At the advent of legal system, advocacy was a different from representation. Barristers advocate at the bar under instruction; attorneys and solicitors represent their clients. At their roots, attorney means one appointed as an agent (e.g. power of attorney = power to act on behalf of someone), and solicitors are called solicitors because they solicit causes on behalf of a client.

Champerty and maintenance, or the encouragement of disputes by non-affected parties, were and remain (though with various modifications) in several jurisdictions illegal or contrary to public policy. The profession of lawyers, who are not parties to a dispute, is also concerned, even today (e.g. the controversy about contingency fees). Barristers were the original men who were learnt at (English) law and the King allowed them to give counsel as their profession against payment without being found guilty of maintenance or champerty. It was only in 1967 that a person other than a barrister may represent another person in a litigation before a court (although various exceptions existed) in England. At the same time, barristers considered themselves learnt men who should not practice laws only for the fees, but for the advancement of public good and justice; this is also why the lawyer fees are still sometimes called honorarium.

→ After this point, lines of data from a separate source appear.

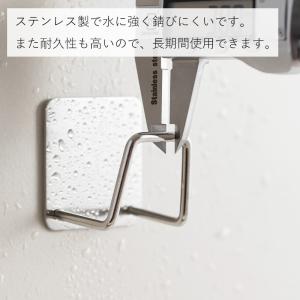スポンジホルダー スポンジラック ステンレス ...の詳細画像4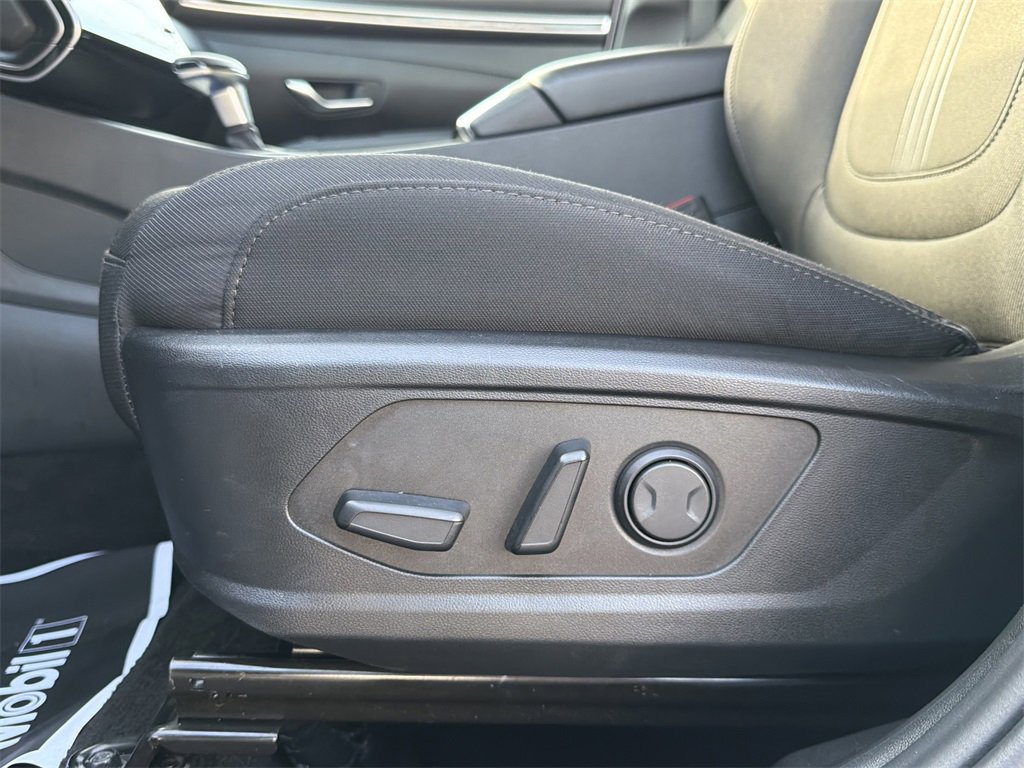 Used 2024 Hyundai Tucson SEL image 23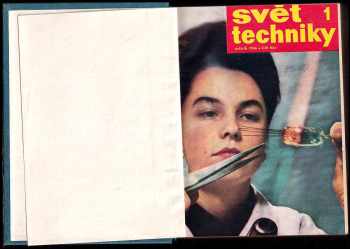 Svět techniky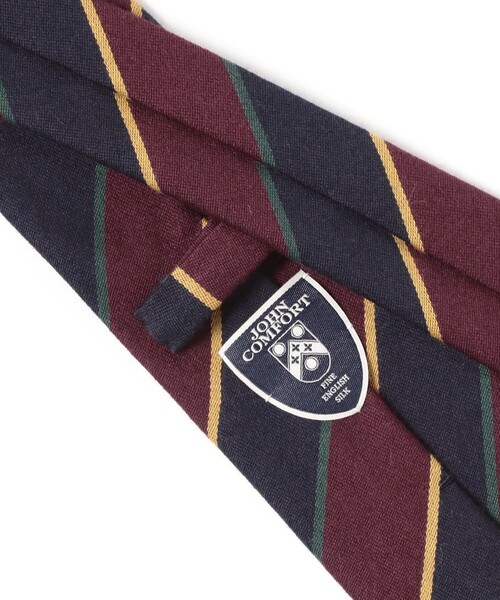 JOHN COMFORT（ジョンコンフォート）の「【JOHN COMFORT / ウール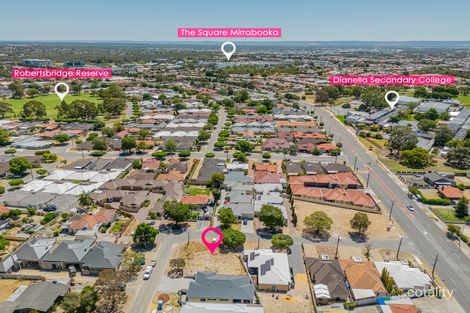 46 Tuckfield Way, Nollamara, WA 6061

Attorneys and solicitors were not originally persons who learnt law "properly", at least in the eyes of the Inns, and could not represent their clients before a court without violating the prohibition against maintenance, as law was not their profession.

The high fees and limited number of barristers, as well as the explosion of commercial and industrial activities, made it attractive for people to consult "lesser" legal practitioners, such as those who were in the business of soliciting (acting as an agent in) causes for a master (e.g. instructing a barrister on behalf of a client). The Inns of barristers were not very happy about it; it should be noted that Inns are professional guilds that have an interest in having a monopoly over their profession (much like the case of many professions, including legal ones, in modern times).

But non-barrister legal practitioners became commonplace anyway and the regulation of these non-barristers became necessary. While initially solicitors were not seen as independent professional advocates, a limited right of audience was gradually granted.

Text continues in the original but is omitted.